Neue Digitalisierungsprojekte zum Ersten Weltkrieg
Markus Pöhlmann
Aufsatz
Veröffentlicht am: 
17. November 2014

Jahrestage können auch ganz praktische Erträge für die historische Forschung zeitigen. Anlässlich des Jahrhundertdenkens an den Beginn des Ersten Weltkrieges sind 2014 zwei interessante Digitalisierungsprojekte zum Abschluss gekommen.

So hat die Oberösterreichische Landesbibliothek in Linz das vom Reichsarchiv in Potsdam und dessen Nachfolgeinstituten 1925-56 herausgegebene Reihenwerk „Der Weltkrieg 1914-1918“ digitalisiert. Außerdem steht dort nun auch das 1931-48 vom Wiener Kriegsarchiv publizierte Pendant „Österreich-Ungarns letzter Krieg 1914-1918“ zur Verfügung. Beide Reihenwerke bilden bis heute Grundlagenwerke für die operationsgeschichtlichen Forschungen zum Ersten Weltkrieg. Aufgrund des Umfangs von 14 bzw. sieben Bänden war man bislang auf eine Bibliotheksrecherche angewiesen. Im deutschen Fall liegt die Bedeutung des „Weltkriegswerkes“ zusätzlich in seiner Rolle als Ersatzüberlieferung, da ein großer Teil der zu Grunde liegenden Primärquellen im Zweiten Weltkrieg zerstört wurden.

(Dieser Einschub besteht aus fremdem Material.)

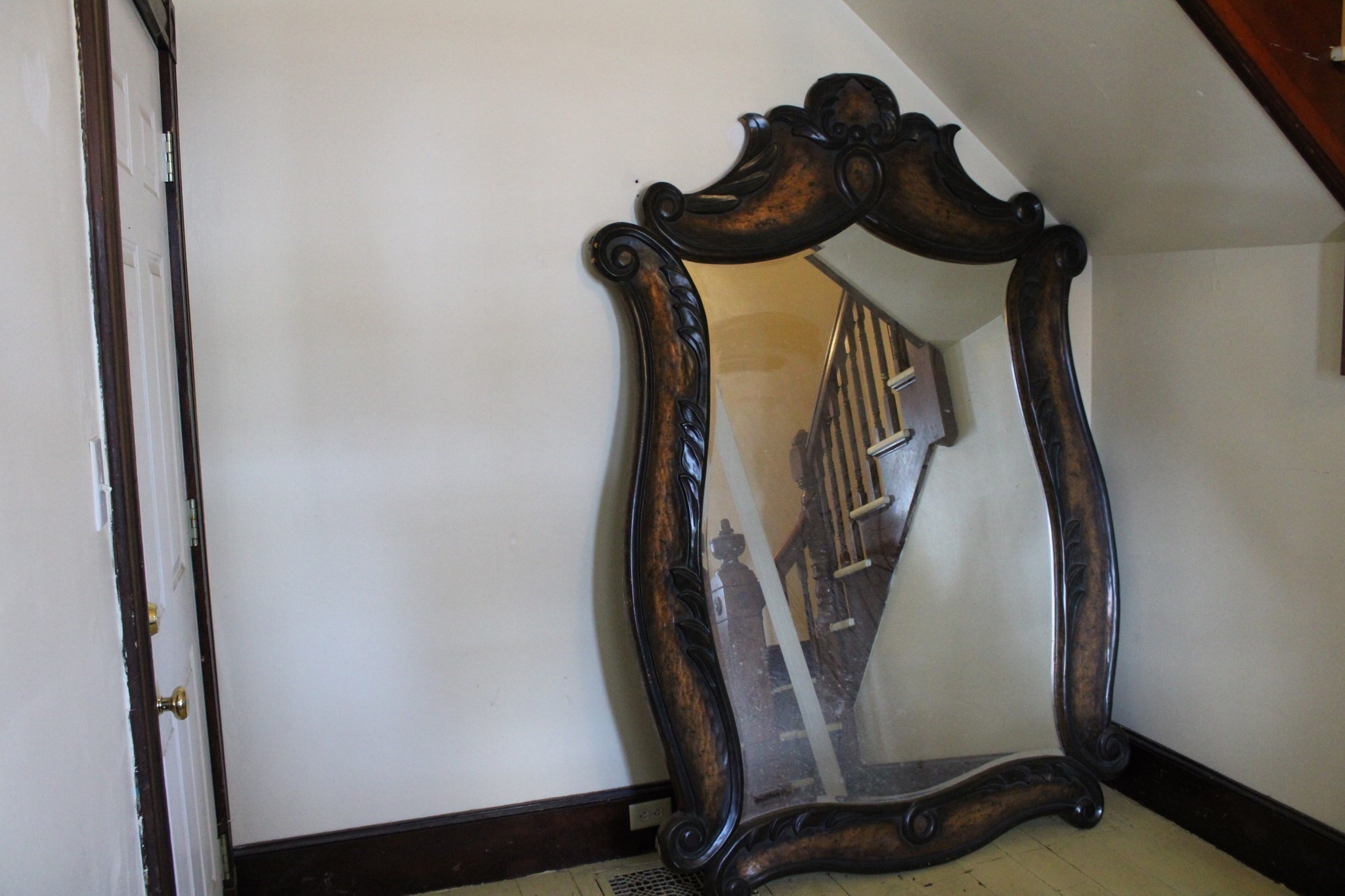 644 Pine Street Property Photo 15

Der Dokumentenserver bietet die Möglichkeit zur Ansicht und zum Download als PDF. Die ebenfalls gescannten Karten und Skizzen sind hervorragend dargestellt, lassen sich zusätzlich vergrößern und sind einzeln herunter zu laden. Beim deutschen Reihenwerk fehlt bislang leider der Anlagenband zu „Kriegsrüstung und Kriegswirtschaft“. Allerdings sind auch die sehr seltenen und momentan noch nicht gemeinfreien Bände für die Kriegsjahre 1917 (Bd. 13) und 1918 (Bd. 14, einschließlich Anlagen) verfügbar. Neben den genannten amtlichen Reihenwerken finden sich auf dem Server außerdem die bekannten Reihe „Schlachten des Weltkrieges“ und „Der Große Krieg in Einzeldarstellungen“.

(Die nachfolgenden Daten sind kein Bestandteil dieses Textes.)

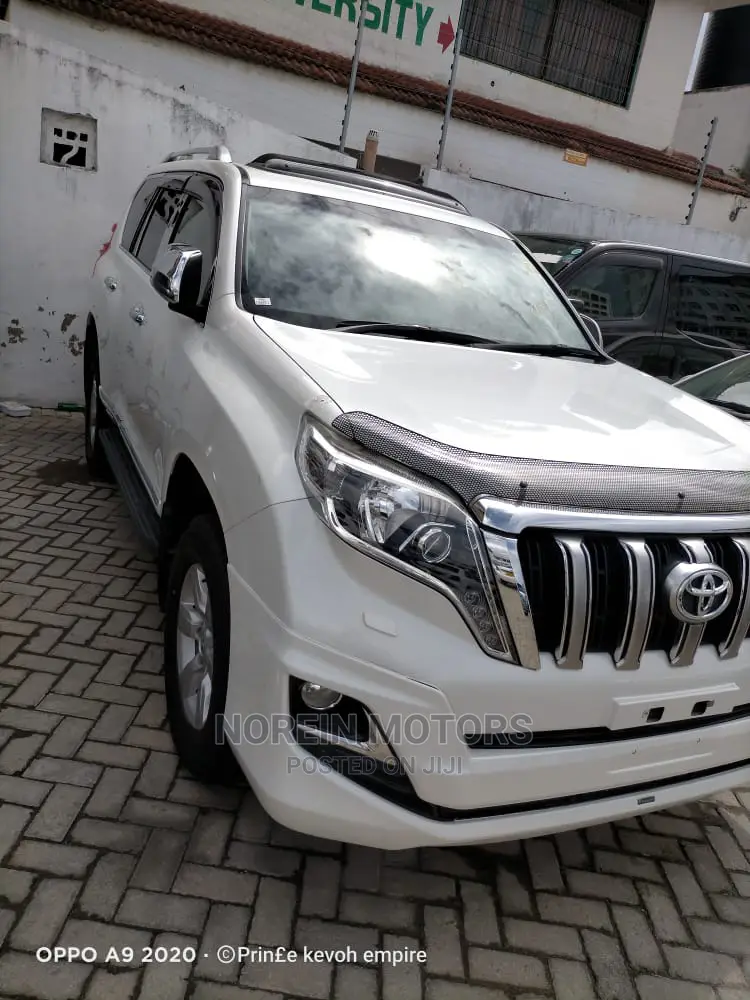 Toyota Land Cruiser Prado 2015 Pearl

Trotz der aktuellen diplomatischen und wissenschaftspolitischen Eiszeit ist diesen Sommer auch ein 2011 begonnenes deutsch-russisches Digitalisierungsprojekt online gegangen. Im Rahmen einer Zusammenarbeit zwischen der Föderalen Archivagentur der Russischen Föderation, dem Verteidigungsministerium der Russischen Föderation, der Russischen Historischen Gesellschaft und dem Deutsche Historische Institut in Moskau wurden zwei Konvolute aus deutschen Beuteakten veröffentlicht, die die Rote Armee 1945 nach der Sowjetunion verbracht hatte Dabei handelt es sich einmal um eine Dokumentensammlung der deutschen Geheimpolizeien und Nachrichtendienste aus den Jahren 1912-45, die sich im Russischen Staatsarchiv für sozialpolitische Geschichte befindet (RGASPI, Bestand 458, Findbuch 9). Der zweite Bestand ist militärgeschichtlich interessanter. Hier handelt es sich um ein Konvolut aus deutschen Weltkriegsakten der Jahre 1914-18, die aus dem Zentralarchiv des Verteidigungsministeriums der Russischen Föderation stammen (CAMO, Bestand 500, Findbuch 12519). Unter den über 400 Akteneinheiten finden sich Splitter von Truppenakten, Unterlagen der Eisenbahnabteilung des Großen Generalstabes vor 1914, Material zu den deutschen Festungen Metz, Königsberg sowie der Feste Lötzen, zur schweren Artillerie während der Kämpfe um Verdun sowie nachrichtendienstliches Material (Akten einzelner Nachrichtenoffiziere bei den Armeen sowie Lagekarten der Generalstabsabteilung Fremde Heere).

Der Bestand ist professionell erschlossen und in sehr guter Qualität gescannt. Ein Download ist hier nur für die einzelne Seite, nicht aber für den gesamten Band möglich. Die Website ist dreisprachig aufgebaut (Russisch, Deutsch und Englisch). Man kann nur hoffen, dass dieses bedeutende wissenschaftliche Kooperationsprojekt weiter politische und finanzielle Förderung erfährt und namentlich auch auf die Bestände des Zentrums zur Aufbewahrung für historisch-dokumentarische Sammlungen, das ehemalige Sonderarchiv, erweitert wird.